Residential housing will act as a drag on economies around the world for the next eight years, the International Monetary Fund said Wednesday, even in countries such as Canada that appear healthy.
In its October World Economic Survey, the organization warned of "dismal" prospects for real estate, saying "rebound" economies such as Canada and those in the Asia-Pacific region were faring well, but that government intervention to cool overheating markets means that real estate won't be a source of growth in the coming years.
The Canadian government stepped into the market earlier this year, making it more difficult to obtain a mortgage and requiring a higher down payment for investment properties.
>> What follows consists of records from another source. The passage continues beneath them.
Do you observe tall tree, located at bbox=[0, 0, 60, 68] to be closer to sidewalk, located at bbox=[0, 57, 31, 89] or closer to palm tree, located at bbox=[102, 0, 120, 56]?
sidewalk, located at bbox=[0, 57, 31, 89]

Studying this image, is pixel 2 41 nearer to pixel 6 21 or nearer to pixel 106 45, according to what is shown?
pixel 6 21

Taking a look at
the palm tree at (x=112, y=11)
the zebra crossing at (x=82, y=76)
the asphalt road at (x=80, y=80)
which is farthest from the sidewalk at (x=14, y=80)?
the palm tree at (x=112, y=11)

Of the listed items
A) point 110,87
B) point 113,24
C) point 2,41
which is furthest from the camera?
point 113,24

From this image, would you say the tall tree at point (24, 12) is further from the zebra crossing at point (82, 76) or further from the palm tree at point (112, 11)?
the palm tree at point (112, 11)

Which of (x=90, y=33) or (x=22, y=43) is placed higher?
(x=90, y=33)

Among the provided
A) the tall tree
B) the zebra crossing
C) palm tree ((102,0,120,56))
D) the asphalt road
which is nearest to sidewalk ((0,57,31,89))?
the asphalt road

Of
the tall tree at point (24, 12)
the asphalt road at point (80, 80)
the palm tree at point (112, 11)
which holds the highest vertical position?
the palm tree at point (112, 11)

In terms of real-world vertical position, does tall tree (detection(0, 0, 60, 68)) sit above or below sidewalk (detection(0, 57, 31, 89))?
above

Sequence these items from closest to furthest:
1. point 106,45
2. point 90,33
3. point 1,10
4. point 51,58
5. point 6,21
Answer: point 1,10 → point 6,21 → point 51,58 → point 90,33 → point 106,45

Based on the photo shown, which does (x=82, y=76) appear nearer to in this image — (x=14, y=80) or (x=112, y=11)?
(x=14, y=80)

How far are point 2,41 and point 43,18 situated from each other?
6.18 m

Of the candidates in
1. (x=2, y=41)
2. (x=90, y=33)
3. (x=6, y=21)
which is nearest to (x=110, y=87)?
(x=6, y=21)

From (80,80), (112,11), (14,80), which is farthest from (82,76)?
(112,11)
Higher interest rates in the next year are also expected to further quell the Canadian market, which has already shown signs of cooling.
As rates rise, many homeowners may not be able to afford the mortgages they took out when rates were low, the IMF cautioned.
"A feature of the real estate cycle over the past decade that differs vastly from past cycles is enhanced access to credit," the report stated.
"Easy monetary conditions and financial innovation gave households greater access to credit and led to a buildup in leverage. The process of deleveraging could make the macroecnomic impact of this housing bust greater than in the past."
Households take longer to deal with bad loans than financial institutions or the corporate sector, the IMF said, because houses can be difficult to sell. That's why a residential real estate recovery will take so long to happen.
"The recovery is likely to be slower than in recession triggered by problems related to corporate balance sheets," the report stated.
The report lumped Canada in with Asia-Pacific countries, because the recoveries in the real estate market have been similar. The IMF said "econometric estimates still show a deviation of house prices from fundamental values," cautioning that the Asian markets in particular are at risk from speculators trying to cash in on the market.
"In contrast to past recoveries, there appears to be little hope for a sustained upside boost to the overall economy from the real estate sector," the report stated. "In economies where real estate markets are in decline, the drag on real activity will continue. Where house prices and residential investment are rebounding, concern about bubbles is eliciting policy actions that will temper any short-term boost to economic activity."